Élu président en 1965, puis réélu en 1969, Marcos a décrété la loi martiale en 1972, gouvernant d'une main de fer l'archipel jusqu'à la révolution de 1986 qui l'a contraint à fuir aux États-Unis avec sa famille. L'ancien homme fort est décédé à Hawaï en 1989.

La famille Marcos a pu rentrer au pays après le décès du patriarche, dont le corps embaumé était conservé dans une crypte au domicile familial dans la province d'Ilocos Norte, avant son transfert au Cimetière des Héros.

Marcos est accusé d'avoir détourné 10 milliards de dollars des caisses de l'État.

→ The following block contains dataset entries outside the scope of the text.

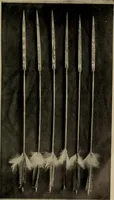 Picture 7 of 225 from Chess and playing cards (1898), leaf 38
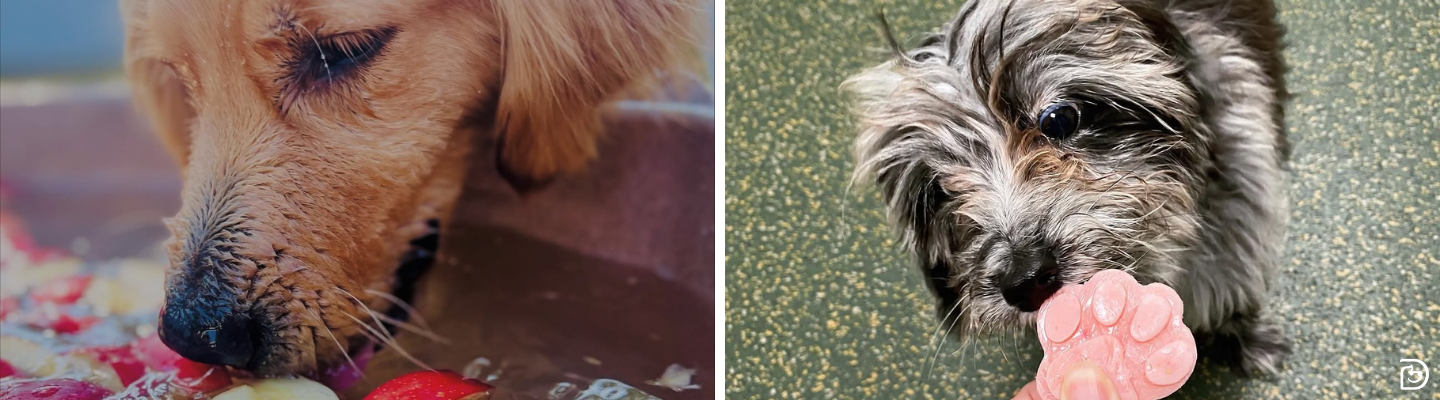 Hydration Hacks: Creative Ways to Encourage Dogs to Drink More Water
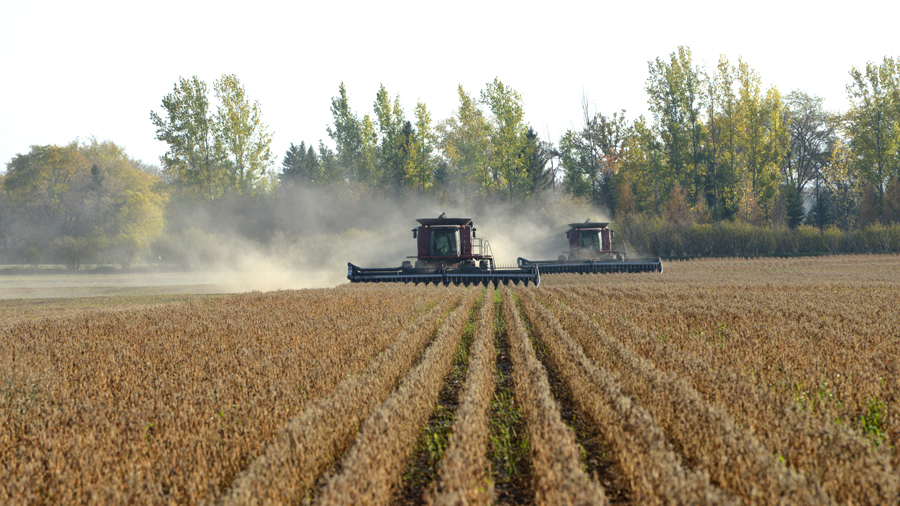 machinery harvesting soybeans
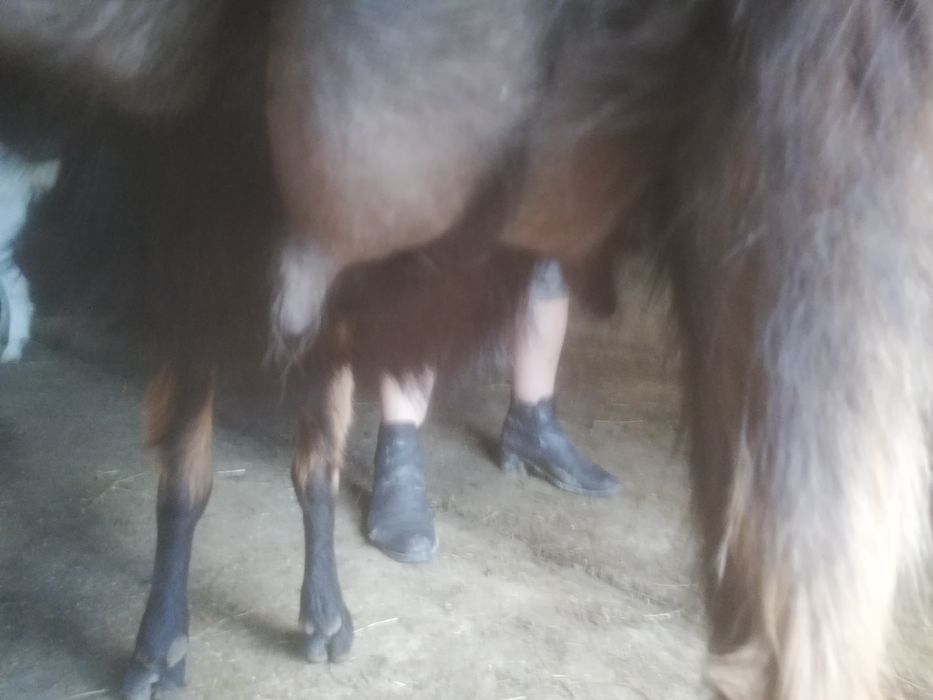 Capre bune cu lapte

L'organisation Transparency International l'avait classé en 2004 comme le deuxième dirigeant le plus corrompu de tous les temps.

Il est aussi accusé d'avoir orchestré des violations des droits de l'Homme à grande échelle, avec des milliers de Philippins tués, torturés ou jetés en prison, selon les défenseurs des droits et de précédents gouvernements philippins.

Mais aucun membre du clan Marcos n'a jamais été derrière les barreaux et la famille a opéré ces derniers temps un spectaculaire retour en politique.

Les Marcos ont organisé ces derniers jours divers événements à Ilocos pour raconter le règne du patriarche, y compris une messe catholique ainsi que l'inauguration d'une plaque à Batac, la ville ancestrale de la famille.

«Reconnaissance finale»

Lita Lampitoc, une habitante de 72 ans, résume le sentiment général: «Nous somme d'Ilocos alors nous sommes tous pour Marcos».

Comme on lui parle des opposants à l'ancien homme fort, elle réplique «qu'ils ne connaissent rien à Marcos. Nous, on connaît Marcos».

Lorsque du dévoilement de la plaque, Rene Escalante, qui dirige une commission historique, reconnaît que l'opinion est divisée sur le sujet. Mais à ses yeux, le gouvernement Marcos «avait contribué grandement au renforcement de la nation».

La plaque, a dit Ferdinand Marcos Junior, est «la reconnaissance finale des 21 années de présidence de mon père et de ses 21 années de travail en tant qu'architecte principal de la nation».

Le fils de l'ancien dictateur, qui a perdu la campagne pour la vice-présidence de 2016, a introduit un recours contre le résultat. M. Duterte le soutient dans sa démarche.

Aux Philippines, l'élection à la présidence et à la vice-présidence sont deux scrutins séparés.

Lors de la cérémonie, Marcos fils a été présenté comme le «futur vice-président des Philippines».

Imee Marcos, fille aînée du dictateur et gouverneure d'Ilocos, reconnaît que son père est très contesté. Mais elle appelle à la réconciliation, demandant que «les deux parties se rassemblent finalement afin que la polarisation de notre pauvre pays assiégé prenne fin».

Elle n'a fait toutefois aucune mention d'excuses ou de concessions qui pourraient amadouer les opposants aux Marcos.